The Carlyle Hotel is having a Surrealist moment. Two art galleries on the premises have mounted sumptuous shows on the subject, and they play off each other beautifully.

“Fields of Dream: The Surrealist Landscape,” open through Saturday, blankets the walls at Di Donna, a gallery one flight up from the Carlyle Room, with 68 works by 31 artists, from the movement’s best-known practitioners to acolytes. Most of the material on view has never been exhibited in the United States.

The Helly Nahmad Gallery, at street level, has mounted the equally profuse “Mnemosyne: de Chirico and Antiquity,” through Jan. 30, built around 22 paintings from the 1920s by Giorgio de Chirico, whose haunting canvases from the 1910s spawned Surrealism. Also here are 40 examples of Greek and Roman antiquities, whose forms, themes and poses echo across the artist’s canvases. The objects range greatly in terms of time, place and material; all are from Phoenix Ancient Art, an antiquities dealer with an office in New York and a gallery in Geneva, which organized the show with Mr. Nahmad. Both of these galleries have faced more than their share of legal problems in recent years.

The Surrealists, led by their gatekeeper, André Breton, savagely denounced de Chirico’s work after 1918, establishing an attitude that lasted for decades. The Museum of Modern Art’s 1982 de Chirico survey barely made it to the late 1920s, or a half-century before his death, in 1978, at age 90.

Interestingly, one gem of the Di Donna effort is de Chirico’s “The Two Suns,” a wonderful late painting from 1969 in which art triumphs over life: A vivid sun blazes from the artist’s easel while a black one sets over the city beyond. Another curiosity: a tender little 1939 rendering in crayon and pencil of a 1914 de Chirico painting by none other than Breton.

The Di Donna show confirms that landscape gave greatest range to the Surrealist imagination, its deviations from reality and flirtations with abstraction.
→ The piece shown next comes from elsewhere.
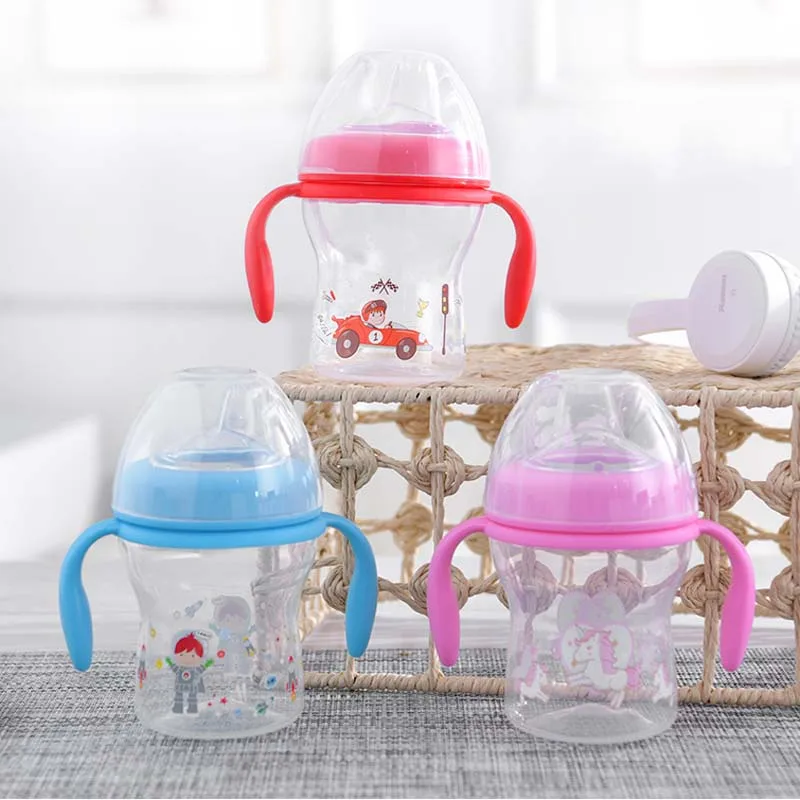 280 мл чашка для кормления ребенка воды с молоком мягкий рот Утконос Сиппи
As expected, there are impressive works by Salvador Dalí, René Magritte, Yves Tanguy and especially Max Ernst, whose inventive versatility shines here, for example, in a rocky outcropping rendered in hallucinatory striations of brash color and a page-size gouache that might almost be a photograph of geological strata.

But the unfamiliar holds sway, including a 1948 nocturne, “À la Lumière Luniere” by Man Ray, achieved by darkening the grain of a plywood panel and adding a moon, along with works by Oscar Domìnguez, Wolfgang Paalen, Enrico Donati and Antoni Tàpies. Victor Brauner is represented by a stark erupting volcano and the Surrealist women are out in force: Leonora Carrington, Dorothea Tanning, Jacqueline Lamba and Leonor Fini. A 1961 relief by Kay Sage is made of actual wood and stones that at first reads as painted trompe l’eoil, a nice play on the many forms of illusionism here.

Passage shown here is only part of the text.